Paulo Mena Barreto
Especial para o DefesaNet
A Armênia vê o reacendimento dos combates na região de Nagorno-Karabakh como uma tentativa turca de abrir uma guerra por procuração com a Rússia. A reabertura dos combates entre soldados azeris e separatistas da província rebelde ocorreu logo após a visita do presidente do Azerbaijão, Ilham Aliyev, à Ancara, onde manteve um encontro de trabalho com o chefe de Estado da Turquia, Recep Erdogan.
Ao contrário de todos os líderes europeus, que se uniram com a Rússia em uma iniciativa de paz, o presidente turco também apoiou claramente uma ação azeri contra os separatistas. A situação ainda não se normalizou, apesar da Armênia e do Azerbaijão terem aceitado o retorno do status quo acertado entre os dois países em 1994.
As relações entre a Rússia e a Turquia, que eram extremamente próximas, azedaram depois da intervenção de Moscou na guerra civil Síria — solicitada dentro das leis internacionais pelo presidente Bashar Al-Assad. Ancara apoiava os rebeldes — em conjunto com os aliados ocidentais e as monarquias sunitas do Golfo Pérsico.
A situação se agravou depois que a Força Aérea Turca derrubou um avião de ataque Sukhoi Su-24M. Em retaliação, os russos bombardearam pesadamente grupos turcomanos que atuavam contra as forças do regime de Damasco. Também passaram a dar mais apoio aos combatentes curdos que operam contra os rebeldes sírios e contra o Estado Islâmico, um ponto que contraria frontalmente os interesses de Ancara.

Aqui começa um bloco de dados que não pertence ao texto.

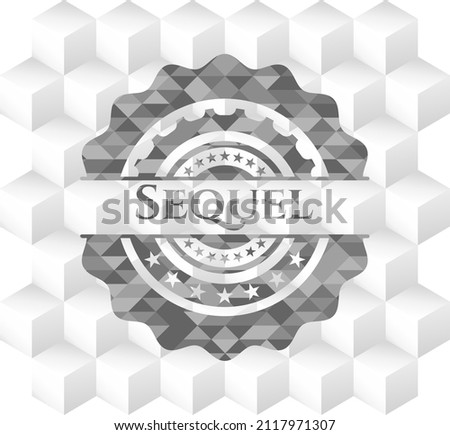 Sequel realistic grey emblem with geometric cube white background. 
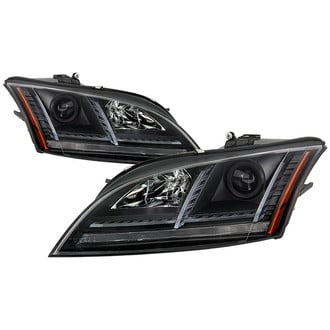 Spyder® - Signature Series Driver and Passenger Side Black Light Tube Projector Headlights with Sequential LED Turn Signal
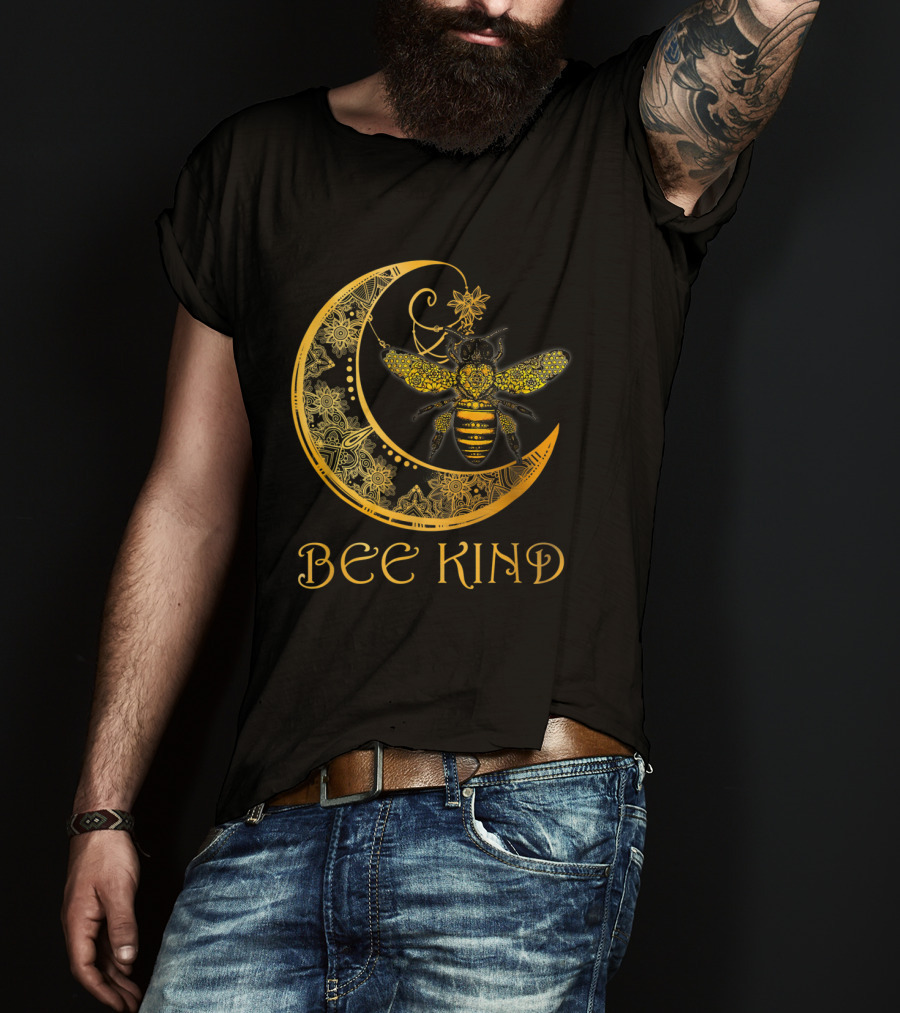 Bee Kind Golden Mandala Bee On Crescent Moon T-Shirt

Os curdos lutam por mais autonomia ou pela criação de um Estado que reúna a comunidade espalhada em quatro países: Irã, Iraque, Síria e Turquia. A repressão dos movimentos nacionalistas sempre foi um ponto chave na política turca e o apoio russo aos curdos, que também contam com suporte estadunidense, foi mais um ponto a afetar as relações entre Ancara e Moscou.
Impasse
A verdade é que a tentativa turca de criar uma guerra por procuração tem tudo para não dar certo. Os dois lados, equipados com material russo, possuem paridade militar. Moscou e outros países da Comunidade dos Estados Independentes estão prontos a fornecer forças de paz e a União Europeia não deseja ampliar os pontos de atritos já existentes com a Rússia.

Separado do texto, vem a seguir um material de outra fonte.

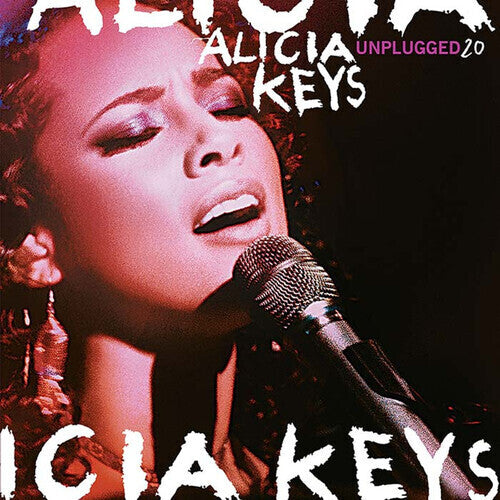 Album cover featuring Alicia Keys with a microphone, text 'Alicia Keys Unplugged 20', and a dark background.
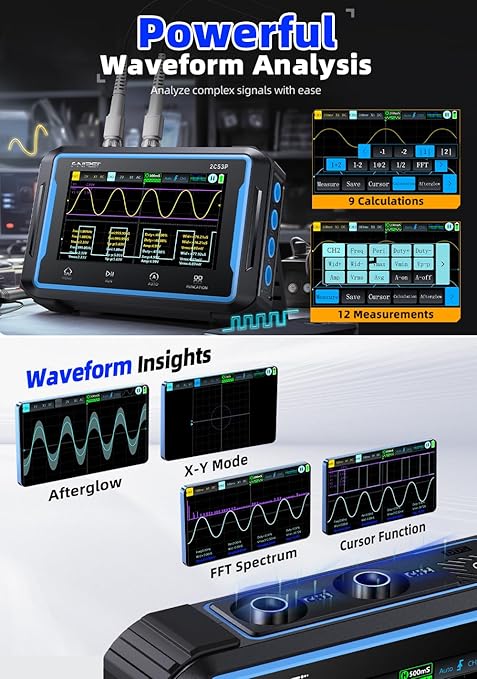【FNRSI 2C53P Plus Upgraded with Carrying CASE】 3in1 Oscilloscope/Multimeter/DDS Signal Generator Tablet Touch Screen Portable Digital Automotive Oscilloscope 2 Channel 50MHz Bandwidth 250Ms/S Counts
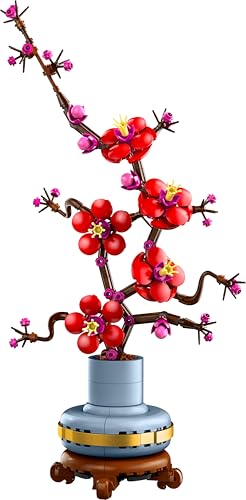 LEGO Botanicals Plum Blossom Set For Adults - Artificial Flowers for Indoor - Gifts for Mothers - Home Office Decor Display Piece incl. a Buildable Flowerpot - Botanical Collection - 10369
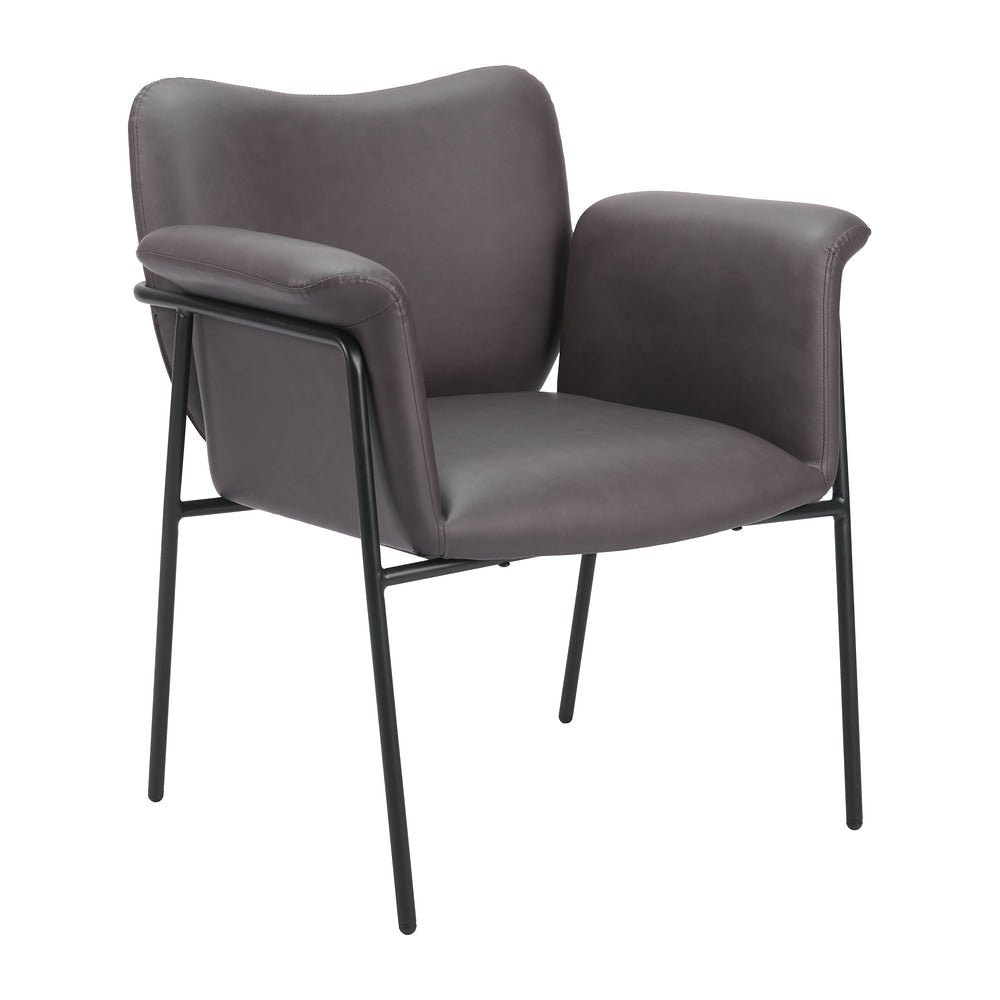Silla Comercial para Desayunador - ZUO HERITAGE - Café - Asiento y Respaldo Tapizados en Piel Sintética - 110357 - Zuo - NOGAL BEAT - Silla Comercial Interior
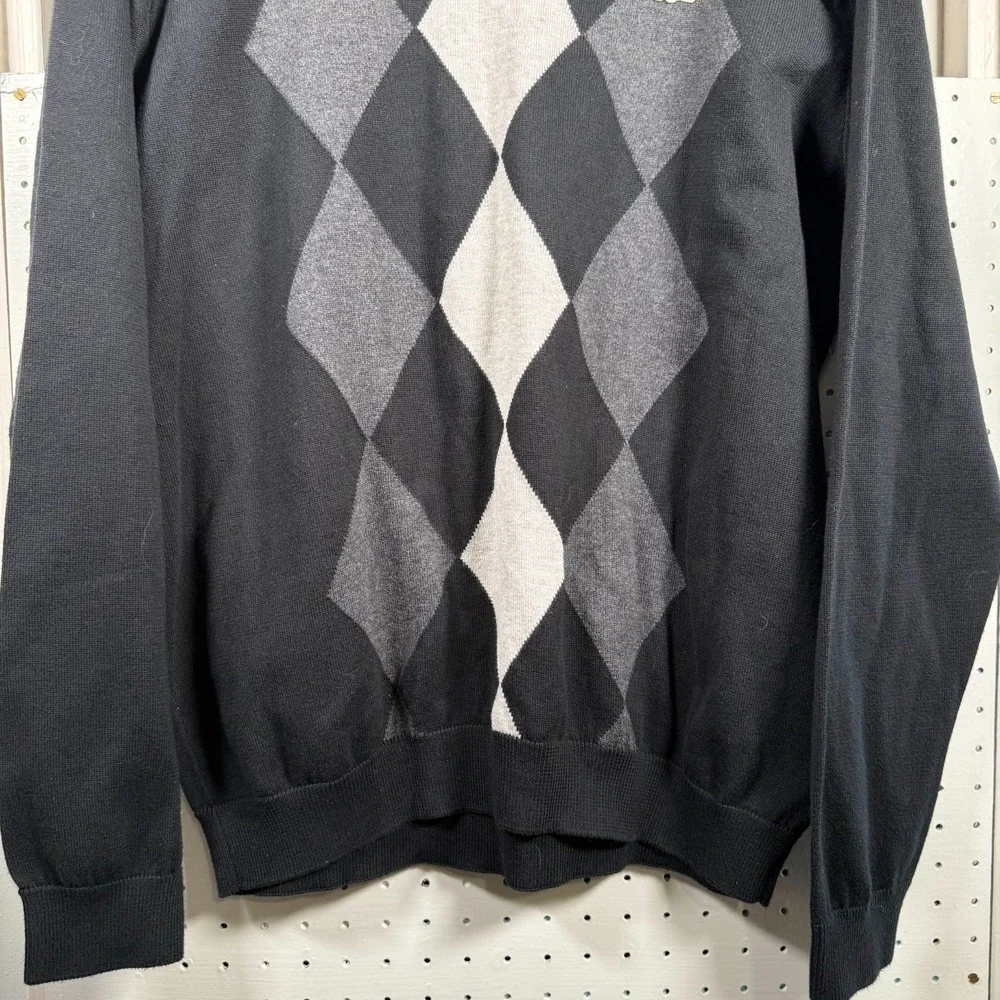Lacoste Pullover Sweater Men's Black Gray Argyle Diamond V-Neck Long Sleeve - XL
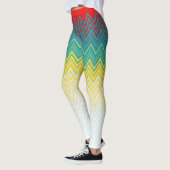Red Blue Yellow Chic Einzigartiges Zigzag Muster Leggings (Links)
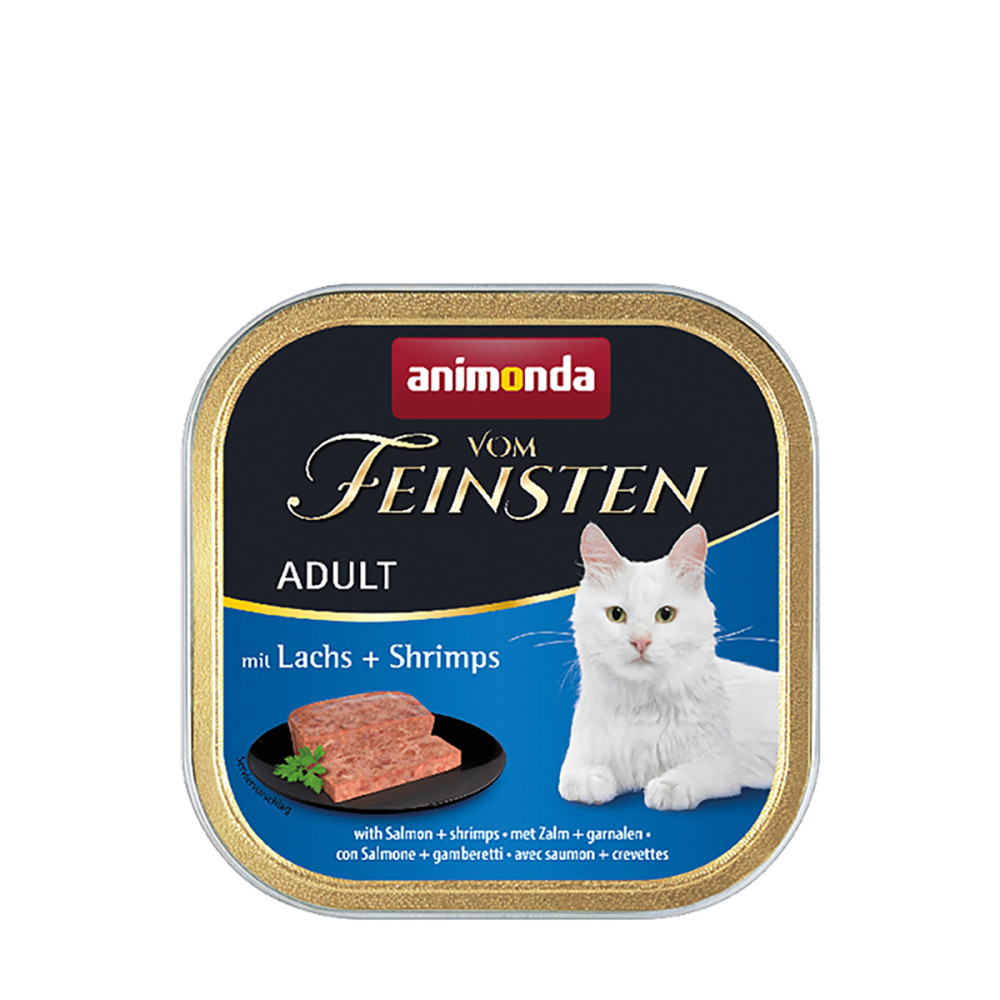 ANIMONDA Анимонда Vom Feinsten Adult with Salmon+Shrimps с лососем и креветками для кошек, 100 г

Há um complicador histórico. Durante a Primeira Guerra Mundial, cerca de 1,5 milhão de armênios foram assassinados pelo Império Otomano, o antecessor histórico da Turquia, que não reconhece a culpa pelo genocídio. Não houve surpresa quando Ancara, logo após a independência da Armênia, tentou isolar o novo país, que não tem acesso ao mar. Os planos de Ancara só não foram bem sucedidos pela iniciativa iraniana de apoiar a nova nação.
Com a dissolução da União Soviética, eclodiram os conflitos étnicos na província de Nagorno-Karabakh, que se localiza em território azeri, mas tem maioria populacional armênia. Para evitar um novo genocídio, o governo de Erevam interveio, mas sem reconhecer a independência do enclave, como queriam os moradores locais. De lá para cá, a Rússia administra a situação por meio de uma força de paz acordada entre os dois contendores.
A iniciativa de paz, rompida temporariamente pela ação de Ancara, precisa de bases mais sólidas. A Rússia vai levar a questão ao Conselho de Segurança da Organização das Nações Unidas em busca de um acordo final que contemple todas as partes. Seria importante que a iniciativa recebesse o apoio de todos os países do BRICS, inclusive do Brasil. Os Estados Unidos e a União Europeia reconhecem que não há espaço para aventuras militares, como as que a Turquia patrocinou nos últimos dias.
A diplomacia brasileira foi uma das principais vítimas da inação do governo Dilma, em boa parte causada pelos problemas internos do país relacionados ao conflito com o Parlamento. Ativar as relações para uma ação coordenada dos BRICS poderia ser um bom gesto de saída da presidente. Uma ação luminosa em meio a uma história triste.